Re: [FileAPI] Updates to FileAPI Editor's Draft

From: Jonas Sicking <jonas@sicking.cc>
Date: Thu, 7 Jul 2011 12:26:08 -0700
Message-ID: <CA+c2ei96mCkp4Ks1cAe2LdGXcG7i6OreaV+zxzggU6jyDkMpvQ@mail.gmail.com>
To: arun@mozilla.com
Cc: "Gregg Tavares (wrk)" <gman@google.com>, Web Applications Working Group WG <public-webapps@w3.org>
On Tue, Jun 21, 2011 at 10:17 AM, Arun Ranganathan <arun@mozilla.com> wrote:
> Sorry if these have all been discussed before. I just read the File API for
> the first time and 2 random questions popped in my head.
> 1) If I'm using readAsText with a particular encoding and the data in the
> file is not actually in that encoding such that code points in the file can
> not be mapped to valid code points what happens? Is that implementation
> specific or is it specified? I can imagine at least 3 different behaviors.
> This should be specified better and isn't.  I'm inclined to then return the
> file in the encoding it is in rather than force an encoding (in other words,
> ignore the encoding parameter if it is determined that code points can't be
> mapped to valid code points in the encoding... also note that we say to
> "Replace bytes or sequences of bytes that are not valid according to
> the charset with a single U+FFFD character [Unicode]").  Right now, the spec
> isn't specific to this scenario ("... if the user agent cannot decode blob
> using encoding, then let charset be null" before the algorithmic steps,
> which essentially forces UTF-8).

I definitely don't think we should use some type of autodetecting of
charset if people explicitly define one. That is likely to create more
confusion and bugs than it'll solve problems.

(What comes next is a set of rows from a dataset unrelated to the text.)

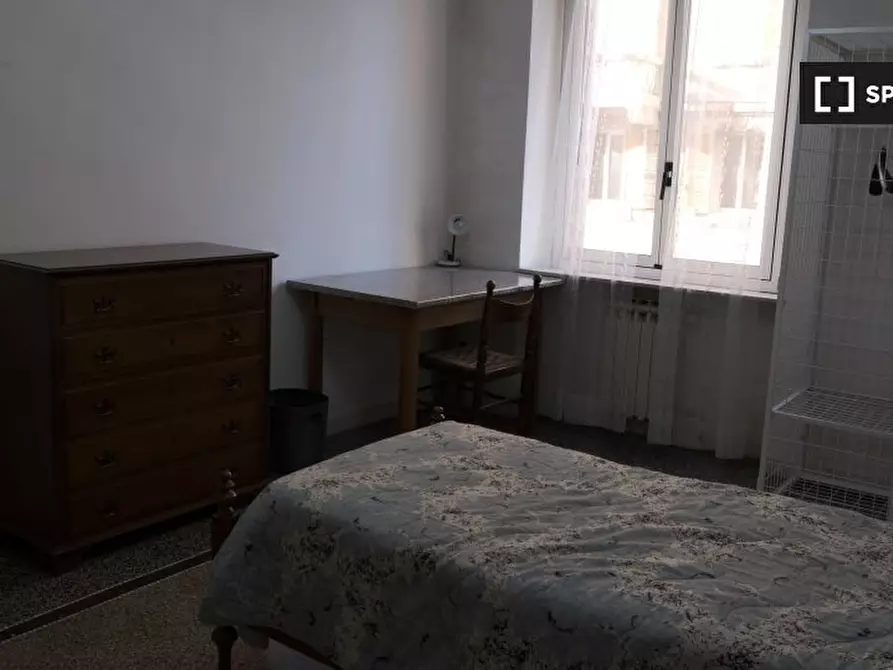 Immagine 4 di Camera condivisa in affitto  in Via Francesco Sivori a Genova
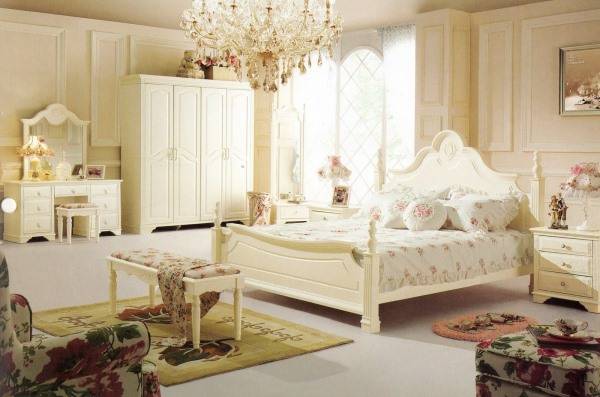 Спальня в стиле прованс с хрустальной люстрой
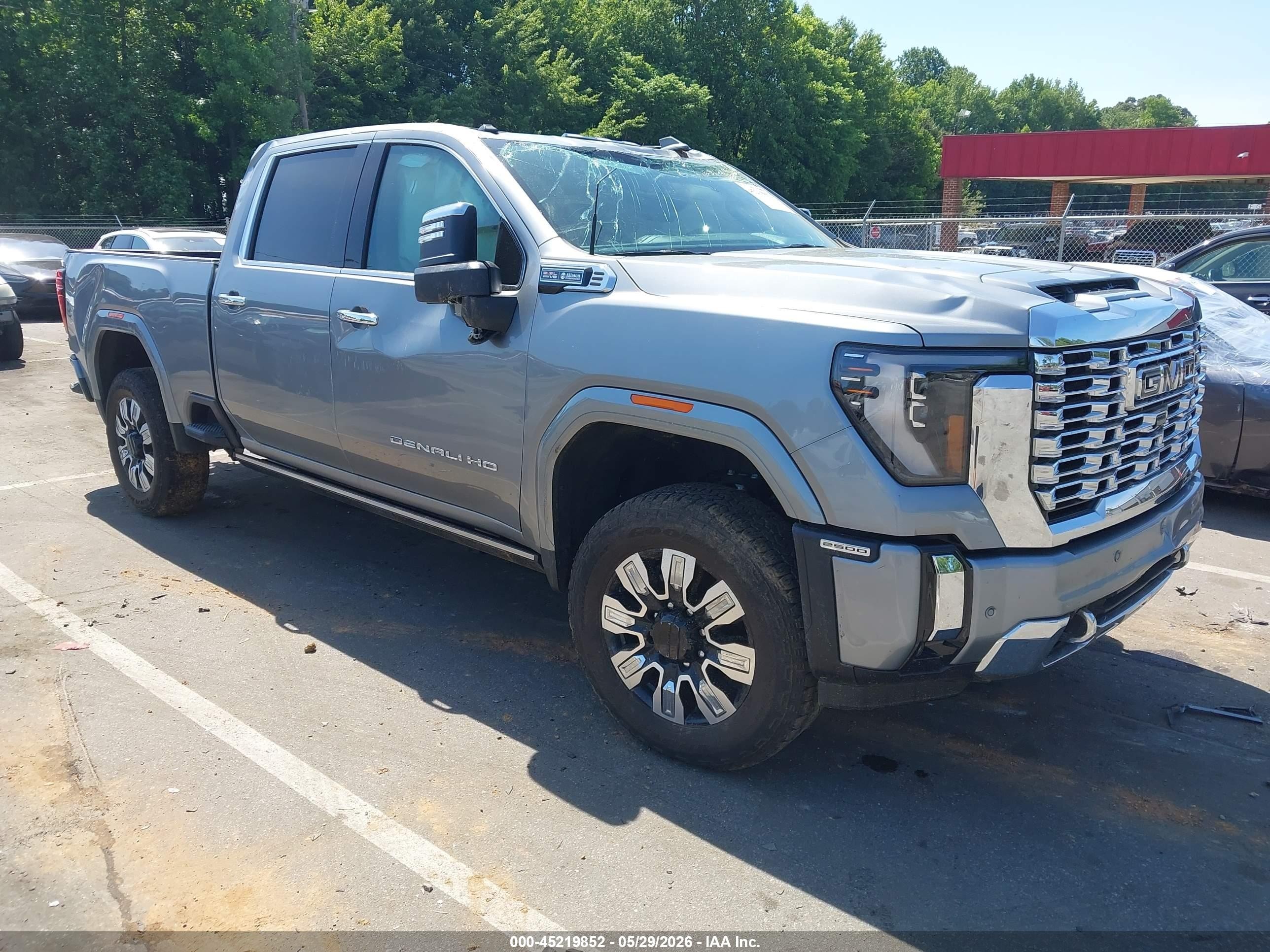 2026 GMC Sierra 2500 HD VIN 1GT4URE78TF172942 — IAAI salvage auction photo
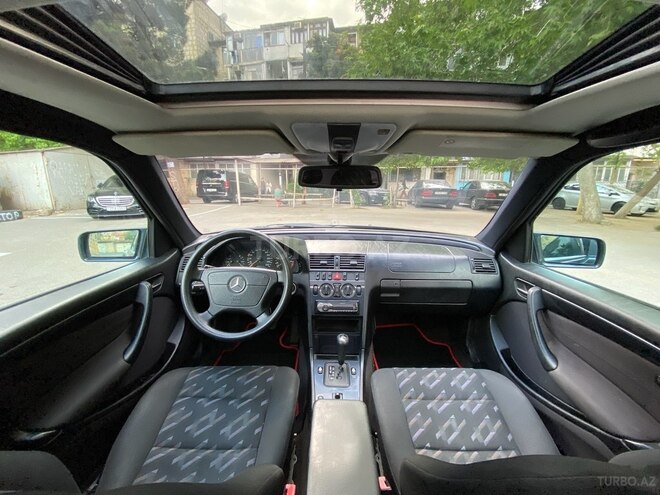 Mercedes C 220 2000, 320,000 km - 2.2 l - Bakı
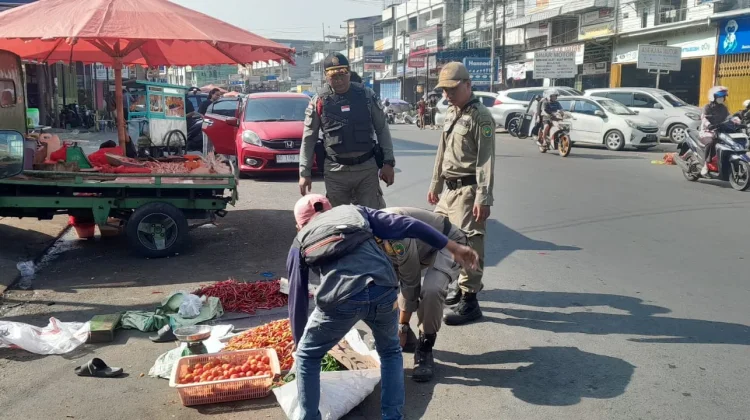 PKL Berjualan di Badan Jalan, Satpol PP Kota Bengkulu Kembali Lakukan Penertiban di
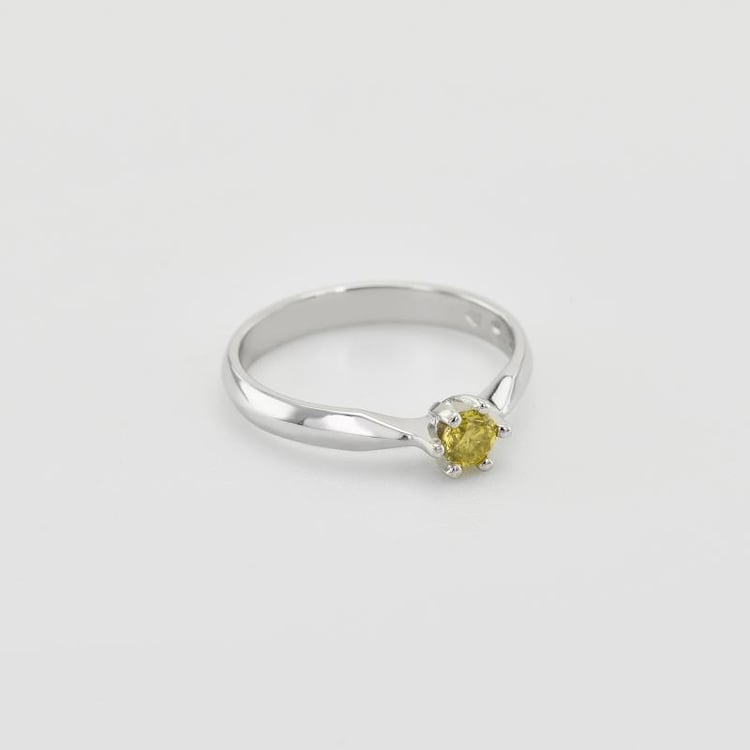 Ring mit Diamant 27790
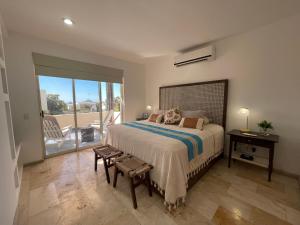 Sea view, king-size bed, wheelchair access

I don't fully understand what's undefined if we say that any invalid
character should be replaced by U+FFFD? I.e. why isn't that enough?
I'm not at all doubting that it isn't enough, but I'd like to
understand how it's not enough in order to fix it.

> 2) If I'm reading using readAsText a multibyte encoding (utf-8, shift-jis,
> etc..) is it implementation dependent whether or not it can return partial
> characters when returning partial results during reading? In other words,
>  Let's say the next character in a file is a 3 byte code point but the
> reader has only read 2 of those 3 bytes so far. Is implementation dependent
> whether result includes those 2 bytes before reading the 3rd byte or not?
> Yes, partial results are currently implementation dependent; the spec. only
> says they SHOULD be returned.  There was reluctance to have MUST condition
> on partial file reads.  I'm open to revisiting this decision if the
> justification is a really good one.

I absolutely don't think we should return partial results. From the
page authors point of view .result should "stream" in. Once a
character has been appended to it, it should never change.

/ Jonas